The first thing you need to be conscious of is how easy is it to tell the wrong things to the wrong person. You need to make it a point never to talk to anybody about the details or status of an application. Your applicant’s personal business is exactly that, personal. Where he works, what he makes, what kind of car he drives, etc is nobody’s business.
If you are arranging financing on a purchase, the only people you should be talking to regarding the status of the application are your applicant and his attorney. Unless otherwise instructed to do so by your applicant, you cannot release information to the real estate broker, seller, seller’s attorney or any other party.
You don’t discuss the details of an application with the applicant’s brother, uncle or neighbor. Never assume that your applicant has granted permission to discuss his transaction with anybody unless specifically instructed.
Look around your office.
· Is your computer password protected?
· Is there any other level of security when you access the company’s processing software?
· Do you leave files on your desk when you’re out of the office, or lock them in a draw?

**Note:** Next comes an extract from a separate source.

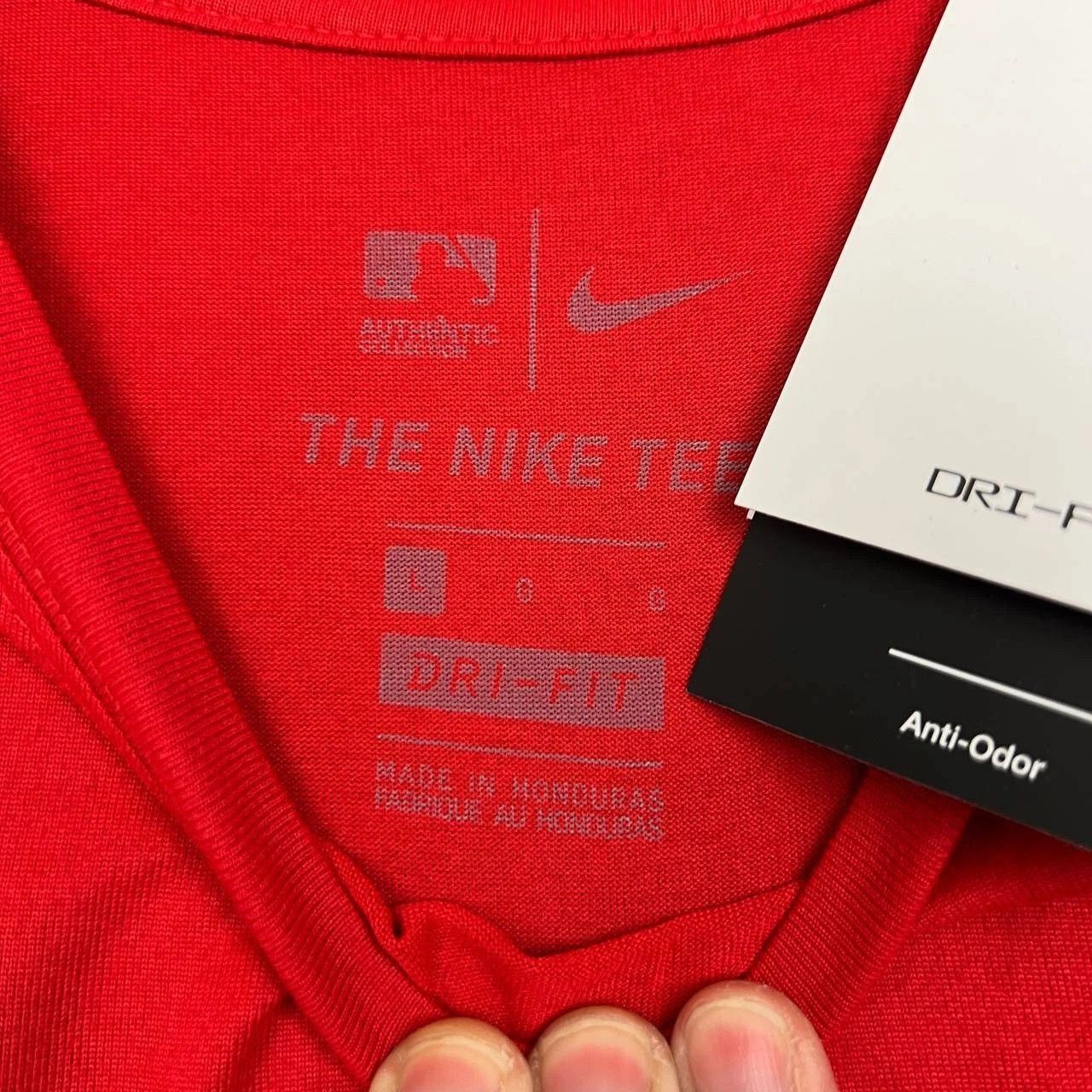 Nike Nike Dri-Fit Shirt Men Washington Nationals Crew Neck New L Size US L / EU 52-54 / 3 - 7 Thumbnail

· What happens when you leave at the end of the day, are all files locked up?
· When you meet with an applicant outside your office, do you take the application on your laptop?

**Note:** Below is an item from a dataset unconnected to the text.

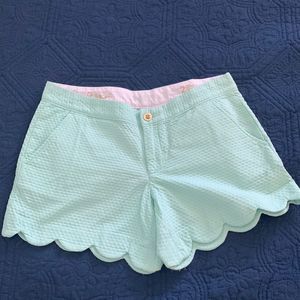 Lilly Pulitzer buttercup shorts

· Is the laptop password protected?
· Does it have wireless access?
· What level of encryption are you using?
· Do you use your laptop at home?
· What level of security do you have on your home network?
· Do you always take your laptop (along with whatever customer information that is stored on it) with you wherever you go?
· Are you backing up your data onto you home network and is that storage protected?
· What protocols do you follow to keep the laptop from being stolen?
· What protocols do you follow to keep the backed-up data that’s stored at home from being stolen?
· What do you do to protect documents that you have taken from your applicant from being lost, stolen or damaged?
· Do you always ship documents via messenger or some other method that produces a signed receipt?
· Do you use any other portable devices that can possibly contain your client’s personal information?
· Do you delete that data from the handheld immediately after you’re finished using it or do you just assume you won’t lose it or have it stolen?
· Do you return all documents to your clients and shred any copies that are in your possession after you’re done with them?
You need to treat all documents, both hard copies and electronic, as if they are yours. Would you casually leave your bank statements around for anyone to pick up and read? Would you leave your social security number with your home address on your desk for the maintenance people to see? Of course not! Handle your applicant’s paperwork as if it is your own and you will stay clear of trouble.
Our industry is going through a major evolution. If you plan to continue working in it you will need to accept a new level of responsibility. You cannot exist as an order taker. You will need to conduct yourself as a professional, take responsibility for your actions and supply the level of service that your clients expect from you.
If you’re not willing to do this then find a new profession now before either the market or the regulators force you out.